The Speaker of the U.S. House of Representatives and the third most important person in her nation’s government, Nancy Pelosi, carried out a historic visit to the Japanese site of Hiroshima on Tuesday, on the occasion of a debate with her counterparts of the G8 countries.

Mrs. Pelosi, a member of the Democratic Party, is the highest elected official in the U.S. to come to Hiroshima (west), where no American president or vice-president has come to pay respects to the victims of the first atomic attack in history. She bowed after having placed a wreath bouquet before the memorial for peace.

School children waved flags of Japan, the United States and other countries of the G8 (Germany, United Kingdom, France, Italy, Canada, and Russia), then sang peaceful odes after the placing of the wreath.

The president of the French National Assembly, Bernard Accoyer, charged with then opening a debate on disarmament, warned against the possession of nuclear weapons by “instable states” or actors refusing “dialogue.”

“Peace and international security are in jeopardy,” he assessed, citing the risk of “destabilization” in the case that Iran were to equip itself with the atomic bomb.

Warning against “naïve pacifism,” he estimated that disarmament could not progress without the cooperation of all nations, implying that unilateral abandonment of the bomb by a nuclear power would not make the world more secure.

“In the 90s, despite the efforts of nations endowed in the domain of nuclear disarmament, proliferation has complicated and reinforced the threat,” recalled Mr.

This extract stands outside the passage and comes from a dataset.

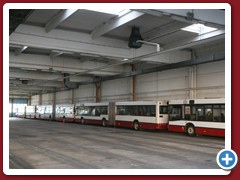 88 (981)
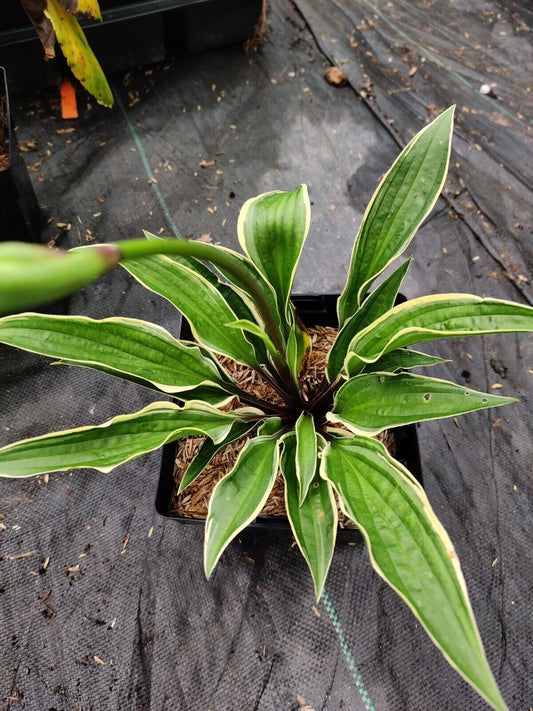 Hosta Grateful Red 5.25" Pot Perennial Shade Variegated Hardy Red Petioles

Accoyer.

On August 6, 1945 the United States dropped an atomic bomb on the village of Hiroshima that caused the death of 140,000 people. Some deaths were immediate because of the heat or blow of the explosion, while others, in the months that followed, were victims of the after-effects of radiation.

The United States dropped another nuclear bomb on August 9th, 1945 on Nagasaki (south-west) that caused 70,000 deaths.

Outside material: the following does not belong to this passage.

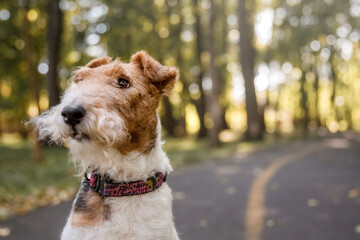 Fox Terrier dog at the park. Dog portrait. Walking with dog. Lifestyle pet photo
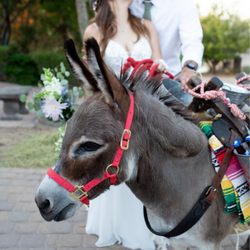 The Windmill Winery - The "beer burro" for the guests while we were away taking pictures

Japan had surrendered on August 15th, ending the second World War, but the pertinence of these atomic bombardments remains very controversial. In Japan, nationalists and pacifists consider these nuclear attacks to be an unpardonable wrong. But in the United States the opinion is less clear-cut.

Numerous veterans of the war are convinced that the dropping of the atomic bombs prevented a murderous landing of the American army in the Japanese archipelago. The pacifist movements and the left, on the other hand, denounce a horrible waste of human lives.

Historians are also split. Some consider Hiroshima and Nagasaki to be a “necessary wrong” to persuade the blind Japanese authorities determined on fighting until the end to fold.

Other researchers support instead the idea that the “realist” camp was gaining ground in power in Tokyo, and that they were trying to negotiate the conditions of Japan’s surrender. According to those researchers, the American government remained deaf to these appeals before using the atomic bomb. Washington wanted to test its new weapon and impress Stalin’s USSR, in the context of a pre-Cold War, they argue.